┌────────

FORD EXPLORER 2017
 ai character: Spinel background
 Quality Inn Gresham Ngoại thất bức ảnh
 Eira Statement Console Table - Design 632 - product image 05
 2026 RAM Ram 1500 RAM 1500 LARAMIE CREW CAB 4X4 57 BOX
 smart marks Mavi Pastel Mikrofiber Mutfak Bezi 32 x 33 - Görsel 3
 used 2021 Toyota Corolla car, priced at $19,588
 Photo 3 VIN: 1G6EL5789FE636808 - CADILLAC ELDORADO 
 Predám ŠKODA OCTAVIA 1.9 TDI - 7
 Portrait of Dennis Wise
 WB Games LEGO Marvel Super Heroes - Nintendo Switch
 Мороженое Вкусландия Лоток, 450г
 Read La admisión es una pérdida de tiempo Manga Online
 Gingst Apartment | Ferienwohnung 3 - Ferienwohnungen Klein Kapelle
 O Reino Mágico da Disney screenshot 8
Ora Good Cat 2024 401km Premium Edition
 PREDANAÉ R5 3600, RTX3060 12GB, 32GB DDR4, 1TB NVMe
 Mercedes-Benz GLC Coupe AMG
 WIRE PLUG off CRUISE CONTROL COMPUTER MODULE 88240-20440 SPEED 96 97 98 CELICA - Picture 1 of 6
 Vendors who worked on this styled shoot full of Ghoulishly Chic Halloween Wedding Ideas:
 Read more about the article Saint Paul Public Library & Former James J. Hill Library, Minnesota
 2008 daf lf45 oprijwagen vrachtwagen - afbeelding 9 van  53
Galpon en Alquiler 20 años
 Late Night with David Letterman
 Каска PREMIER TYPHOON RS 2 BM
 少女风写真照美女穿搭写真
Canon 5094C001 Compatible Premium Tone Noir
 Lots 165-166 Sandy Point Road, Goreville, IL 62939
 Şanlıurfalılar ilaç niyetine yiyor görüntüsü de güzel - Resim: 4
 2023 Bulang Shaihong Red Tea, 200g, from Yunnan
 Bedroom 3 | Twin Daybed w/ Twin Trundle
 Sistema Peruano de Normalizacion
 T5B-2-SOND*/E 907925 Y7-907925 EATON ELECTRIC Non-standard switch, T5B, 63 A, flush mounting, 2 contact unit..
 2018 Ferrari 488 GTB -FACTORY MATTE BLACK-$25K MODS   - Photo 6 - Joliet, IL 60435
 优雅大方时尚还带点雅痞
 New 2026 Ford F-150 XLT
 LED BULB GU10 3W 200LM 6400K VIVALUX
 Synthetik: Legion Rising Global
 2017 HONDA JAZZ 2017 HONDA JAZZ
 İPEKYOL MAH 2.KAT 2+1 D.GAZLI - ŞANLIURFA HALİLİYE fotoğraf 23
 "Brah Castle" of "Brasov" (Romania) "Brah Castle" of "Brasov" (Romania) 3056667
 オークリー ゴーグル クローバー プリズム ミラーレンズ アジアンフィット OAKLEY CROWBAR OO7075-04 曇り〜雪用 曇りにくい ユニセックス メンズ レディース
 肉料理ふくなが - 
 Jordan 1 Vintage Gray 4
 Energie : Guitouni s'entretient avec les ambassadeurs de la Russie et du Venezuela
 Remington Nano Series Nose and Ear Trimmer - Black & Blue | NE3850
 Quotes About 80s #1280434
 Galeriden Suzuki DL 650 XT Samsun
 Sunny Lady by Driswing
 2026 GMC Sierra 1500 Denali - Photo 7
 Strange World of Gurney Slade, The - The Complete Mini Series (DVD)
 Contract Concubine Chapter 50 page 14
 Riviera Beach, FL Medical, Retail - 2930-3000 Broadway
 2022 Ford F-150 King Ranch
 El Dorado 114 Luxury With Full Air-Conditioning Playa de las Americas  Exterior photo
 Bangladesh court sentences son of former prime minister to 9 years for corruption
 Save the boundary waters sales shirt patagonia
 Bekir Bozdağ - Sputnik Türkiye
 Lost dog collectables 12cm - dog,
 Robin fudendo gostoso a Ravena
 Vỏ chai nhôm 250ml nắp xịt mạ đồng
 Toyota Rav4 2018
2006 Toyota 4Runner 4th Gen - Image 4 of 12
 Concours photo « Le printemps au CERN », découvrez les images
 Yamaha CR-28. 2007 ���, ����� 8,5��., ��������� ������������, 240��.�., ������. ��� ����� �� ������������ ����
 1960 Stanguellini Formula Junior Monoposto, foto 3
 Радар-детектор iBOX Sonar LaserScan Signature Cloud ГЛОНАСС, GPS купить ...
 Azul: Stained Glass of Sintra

└────────

Output the lines of the records above exactly as they appear, from the line containing "Photo 3 VIN: 1G6EL5789FE636808" through the line containing "Read La admisión".

== Response to this task ==
 Photo 3 VIN: 1G6EL5789FE636808 - CADILLAC ELDORADO 
 Predám ŠKODA OCTAVIA 1.9 TDI - 7
 Portrait of Dennis Wise
 WB Games LEGO Marvel Super Heroes - Nintendo Switch
 Мороженое Вкусландия Лоток, 450г
 Read La admisión es una pérdida de tiempo Manga Online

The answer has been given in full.